Como se fosse normal.
Como se fosse merecido.
Como se não fosse preciso deixar nada em ordem...nem por fora, nem por dentro.
Fica um desalinho que não é só físico. É emocional. É moral. É humano.
Fica a sensação de que houve abuso de confiança...De que houve aproveitamento disfarçado de proximidade. De que houve pessoas que estiveram perto o suficiente para saber… e mesmo assim escolheram não cuidar.
E isso revolta.
Revolta perceber que se esteve presente, disponível, generoso...e que, no fim, isso serviu mais para facilitar a saída dos outros do que para construir algo verdadeiro...
Revolta sentir que houve quem levasse mais do que coisas. Que levou respeito. Que levou consideração. Que levou, talvez, até um pouco de dignidade.
E depois há aquele pensamento difícil de engolir:
como é que alguém que fez parte… consegue agir como se nunca tivesse importado?
Isso deixa marcas...
Não necessariamente de fraqueza... mas de alerta. De consciência.

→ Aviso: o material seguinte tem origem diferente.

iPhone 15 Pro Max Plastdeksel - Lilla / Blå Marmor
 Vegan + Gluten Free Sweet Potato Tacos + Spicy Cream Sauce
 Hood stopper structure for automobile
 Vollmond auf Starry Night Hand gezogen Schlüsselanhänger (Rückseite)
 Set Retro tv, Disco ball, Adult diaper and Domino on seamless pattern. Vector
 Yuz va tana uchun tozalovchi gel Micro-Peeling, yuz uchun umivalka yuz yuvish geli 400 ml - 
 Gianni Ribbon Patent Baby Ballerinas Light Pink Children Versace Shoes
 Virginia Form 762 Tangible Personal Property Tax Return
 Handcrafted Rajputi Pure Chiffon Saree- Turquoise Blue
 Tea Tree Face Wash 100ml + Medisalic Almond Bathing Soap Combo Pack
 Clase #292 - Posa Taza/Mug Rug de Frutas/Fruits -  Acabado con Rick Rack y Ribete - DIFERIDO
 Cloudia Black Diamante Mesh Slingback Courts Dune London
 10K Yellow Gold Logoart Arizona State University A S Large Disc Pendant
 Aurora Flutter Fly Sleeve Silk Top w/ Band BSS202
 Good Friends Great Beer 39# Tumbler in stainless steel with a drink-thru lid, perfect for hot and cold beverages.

De um certo fechar de portas que antes estavam abertas sem esforço.
Porque há uma diferença entre ser bom e ser permitido demais.
E talvez este seja o ponto de viragem: perceber que a culpa nunca esteve em dar, mas em não ter colocado limites a quem não sabia parar...
Há uma dor silenciosa que não vem da perda...vem da confiança.
Não é o que levaram. Não é o que ficou.
É o que eu acreditei!!!
Acreditei que quem entrava no meu espaço sabia o que isso significava. Que havia um entendimento invisível, quase sagrado, de cuidado, de respeito, de medida. Acreditei que dar não era um risco. Que abrir portas não implicava, um dia, encontrar tudo escancarado por dentro...
Mas há um momento, lento, quase impercetível... em que a realidade começa a desfazer essa ideia. Não com um gesto grande, mas com a ausência dele. Com o que não foi feito. Com o que foi ignorado. Com o descuido que fala mais alto do que qualquer palavra.
E é aí que dói.
Dói perceber que confiámos em quem não soube segurar essa confiança...
Dói entender que aquilo que para nós era valor, para outros era apenas conveniência...
Dói, sobretudo, a diferença entre o que demos… e o que recebemos de volta.
Porque confiar é sempre um ato de entrega. 
Não se faz pela metade. Não se protege com distância. Confia-se inteiro...ou não se confia!
E quando essa entrega encontra desatenção, indiferença ou até aproveitamento, o que se quebra não é só a relação. É uma parte da forma como olhamos para o mundo...
Fica uma espécie de vazio desorganizado. Não só à volta, mas por dentro. Uma pergunta sem resposta: quando é que deixámos de ser vistos?
Mas depois, no meio dessa poeira emocional, há uma verdade silenciosa que começa a ganhar forma: aquilo que damos com verdade nunca nos diminui. Revela-nos. Mesmo quando cai em mãos erradas.
E talvez seja isso que custa mais... não a perda, mas a desilusão de ter acreditado que o cuidado seria recíproco.
Ainda assim, há uma força estranha em recomeçar a partir do que não sobrou. Em limpar o que não fomos nós que sujámos. Em voltar a escolher o que fica...desta vez com mais critério, mais limites, mais consciência.
Aprender, sim. Ajustar, também. Criar limites, sem dúvida.
Mas endurecer ao ponto de perder aquilo que nos define… isso seria uma segunda perda.
Porque confiar, apesar de tudo, continua a ser uma das formas mais bonitas de coragem.
Só precisa, agora, de ser mais bem guardada.
E no meio de tudo isto, há uma certeza que se impõe, firme:
antes quebrar do que torcer!
Porque há coisas que podem ser levadas, desorganizadas, desrespeitadas...
mas aquilo que somos, quando é inteiro, não se dobra à falta de carácter dos outros.
Pode doer. Pode partir.
Mas não se trai.
Porque no fim, uma casa nunca foi só um lugar...
E aquilo que somos… também não cabe no que ficou para trás.